Quant aux tribulations du professeur Preobrajenski de Cœur de chien, qui n'a jamais été publié en Union soviétique, elles nous enseignent qu'il est bon, dans certaines circonstances, comme celles que connut la Russie de 1925, d'endurer les tracasseries administratives, les difficultés matérielles et les persécutions morales avec une patience et une ironie canines.

La poésie

La poésie française aura brillé d'un terne éclat au long d'une année sans révélation, sans œuvre de premier plan et, à tous points de vue, singulièrement plus pauvre au niveau de l'édition que celles que nous venons de vivre. Les poètes écrivent inlassablement sans doute, mais les éditeurs se lasseraient-ils de publier ? Pourtant, le fait le plus marquant des douze derniers mois, c'est peut-être, tout bonnement, le vingt-cinquième anniversaire d'une collection.

Merveilleuse gageure

Que pendant un quart de siècle un éditeur impose dans les vitrines des libraires les poètes les plus et les moins célèbres prouve qu'un public existe pour la poésie, quand une idée originale et saine préside à sa diffusion.

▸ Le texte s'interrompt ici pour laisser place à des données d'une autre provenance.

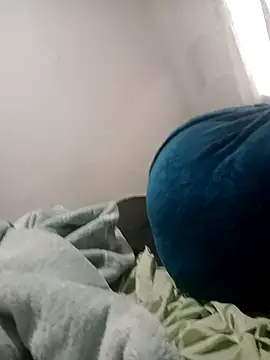 ShySexyBaddiexx online show from September 2025 12:00:02 PM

La collection publiée par Pierre Seghers, Poètes d'aujourd'hui, fut lancée en 1945 sur un pauvre papier des lendemains de guerre ; Paul Eluard, anthologie présentée par Louis Parrot, fut son premier titre. En mai 1971, le deux centième titre, Jorge Luis Borges, que venait de précéder un Roger Caillois, coïncidait avec un anniversaire que l'édition française peut se féliciter d'avoir à célébrer. L'initiative de Seghers était excellente. Une étude, un choix de poèmes, des documents composaient ces petits livres qui furent souvent, et pendant longtemps, la seule présentation critique et anthologique dont on pouvait disposer sur un auteur, et cela est encore vrai pour quelques-uns (ainsi Anne Hébert, Van Lerberghe, Morand, Vildrac ou Gustave Roud, par exemple).

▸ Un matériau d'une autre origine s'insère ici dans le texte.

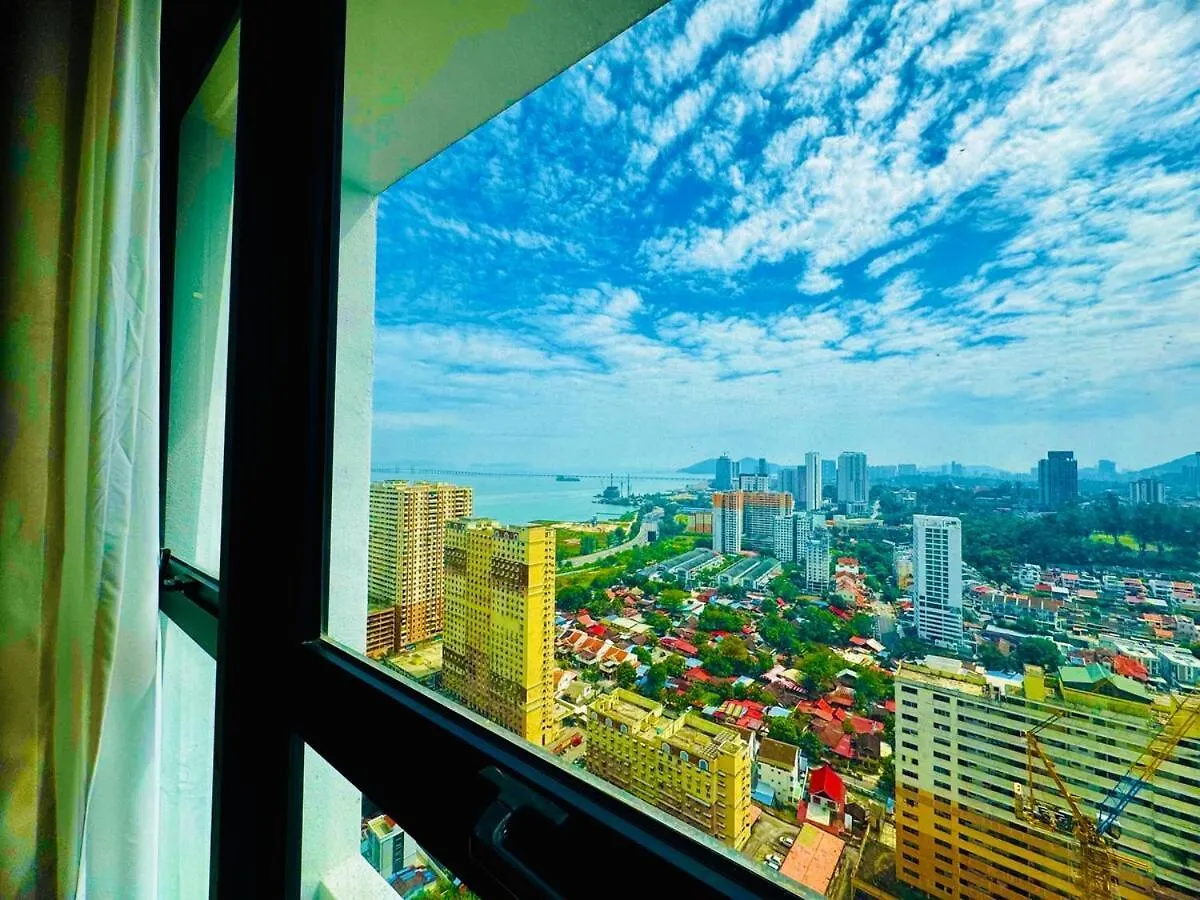 Luxury Sea & City Views 3Br 12Pax Jelutong 0*,  Malaisie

Si deux cents noms ne laissent pas d'avoir modifié la collection — sur le plan de la représentativité absolue il n'y a plus de commune mesure d'un titre à l'autre —, il n'en reste pas moins vrai que le rôle joué par ces ouvrages a été considérable ; c'était offrir à la curiosité des lecteurs la poésie contemporaine, et bousculer le conformisme d'un enseignement dont la devise aurait pu demeurer le sempiternel wait and see...

On souhaite semblable réussite et pareille longévité à l'édition du fonds Gallimard dans la collection Poésie/NRF (Journal de l'année 1967-68), comme à cette autre initiative de la librairie française, les anthologies de Poésie 1, qui présentent à la fois les Poèmes barbares d'un revenant, Leconte de Lisle, une Anthologie de la poésie française d'humour des origines à 1970, ou de précieux recueils consacrés à des jeunes poètes : le numéro 12 groupe des textes de Bellay, Cousin, Della Faille, Dodat, Fortin, Godeau, Libérati, Malrieu, Perret, Puel, Tilman, Wise.

C'est peut-être bien le miroir de la poésie de demain qui rassemble ainsi ses fragments de puzzle encore indéchiffrable... Chaque recueil étant confié à un critique nouveau, qui assume en toute liberté le choix des auteurs et des textes, on peut espérer voir bientôt se dessiner une sorte de panorama mouvant qui aura décanté l'annuel amoncellement de plaquettes, de livres et de revues dont la diversité révèle toujours plus de conformismes que de vraies options, de confusion que de choix profonds et nécessaires.

Crise d'expression

Car plus les grands aînés s'éloignent, qu'ils se nomment Aragon, Saint-John Perse ou Michaux, plus le fossé se creuse entre une poésie qui s'est nourrie du verbe, et une poésie — ou du moins une manière anarchisante d'écrire — qui renie le verbe, détruit le poème, sème la confusion au niveau des mots, du langage et de la communication.

Une page saupoudrée de caractères typographiques, c'est un peu la tentative de Mallarmé reprise à leur compte par des poètes qui cherchent désespérément comment ne pas écrire qu'ils n'ont rien à dire. À force de vouloir être partout, la poésie n'est plus nulle part, et en tout cas pas dans bien des livres qui cependant s'en réclament encore, fût-ce par dérision (une dérision souvent assez suspecte).